(Beginning of Excerpted records)

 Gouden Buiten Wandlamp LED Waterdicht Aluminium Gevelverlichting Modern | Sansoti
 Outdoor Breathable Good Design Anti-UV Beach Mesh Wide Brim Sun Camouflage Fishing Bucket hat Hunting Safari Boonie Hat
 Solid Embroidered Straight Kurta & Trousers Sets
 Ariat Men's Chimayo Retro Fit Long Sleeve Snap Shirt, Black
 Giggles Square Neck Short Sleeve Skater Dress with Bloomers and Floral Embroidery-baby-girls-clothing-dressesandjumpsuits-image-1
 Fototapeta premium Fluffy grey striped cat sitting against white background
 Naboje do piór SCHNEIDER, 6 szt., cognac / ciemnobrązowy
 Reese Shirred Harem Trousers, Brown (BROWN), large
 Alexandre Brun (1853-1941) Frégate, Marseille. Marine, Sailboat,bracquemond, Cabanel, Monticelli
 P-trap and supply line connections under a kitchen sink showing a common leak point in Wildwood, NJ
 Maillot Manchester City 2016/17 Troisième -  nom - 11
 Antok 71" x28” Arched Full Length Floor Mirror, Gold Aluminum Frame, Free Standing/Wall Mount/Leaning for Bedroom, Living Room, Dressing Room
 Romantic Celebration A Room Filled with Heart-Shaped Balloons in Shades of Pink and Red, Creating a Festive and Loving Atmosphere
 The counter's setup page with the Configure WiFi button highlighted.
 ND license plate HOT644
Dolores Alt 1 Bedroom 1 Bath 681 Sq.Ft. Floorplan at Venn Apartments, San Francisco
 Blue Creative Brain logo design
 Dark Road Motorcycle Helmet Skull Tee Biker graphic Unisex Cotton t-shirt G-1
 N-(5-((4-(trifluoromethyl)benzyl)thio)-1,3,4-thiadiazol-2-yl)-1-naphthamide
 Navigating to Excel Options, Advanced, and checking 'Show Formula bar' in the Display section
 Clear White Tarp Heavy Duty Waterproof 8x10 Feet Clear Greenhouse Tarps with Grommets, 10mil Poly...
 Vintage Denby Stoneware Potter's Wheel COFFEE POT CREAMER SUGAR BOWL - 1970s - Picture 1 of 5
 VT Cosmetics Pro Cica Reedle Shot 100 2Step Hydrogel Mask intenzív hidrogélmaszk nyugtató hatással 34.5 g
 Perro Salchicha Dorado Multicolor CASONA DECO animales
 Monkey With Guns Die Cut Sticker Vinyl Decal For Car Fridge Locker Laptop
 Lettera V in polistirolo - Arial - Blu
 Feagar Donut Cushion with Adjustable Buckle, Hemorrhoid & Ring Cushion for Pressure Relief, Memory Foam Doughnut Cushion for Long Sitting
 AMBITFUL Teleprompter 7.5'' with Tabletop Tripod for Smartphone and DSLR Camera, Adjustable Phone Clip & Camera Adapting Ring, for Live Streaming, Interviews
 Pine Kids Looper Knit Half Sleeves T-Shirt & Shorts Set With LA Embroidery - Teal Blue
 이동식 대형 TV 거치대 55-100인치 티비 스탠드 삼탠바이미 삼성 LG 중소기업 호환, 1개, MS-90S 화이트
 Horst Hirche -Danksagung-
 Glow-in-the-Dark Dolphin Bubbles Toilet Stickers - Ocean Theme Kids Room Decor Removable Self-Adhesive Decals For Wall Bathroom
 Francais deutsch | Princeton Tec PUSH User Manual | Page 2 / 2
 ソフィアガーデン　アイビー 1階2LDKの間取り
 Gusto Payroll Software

(End of Excerpted records)

Determine how many lines in the records include the word "Kids", and reply with that number alone.

2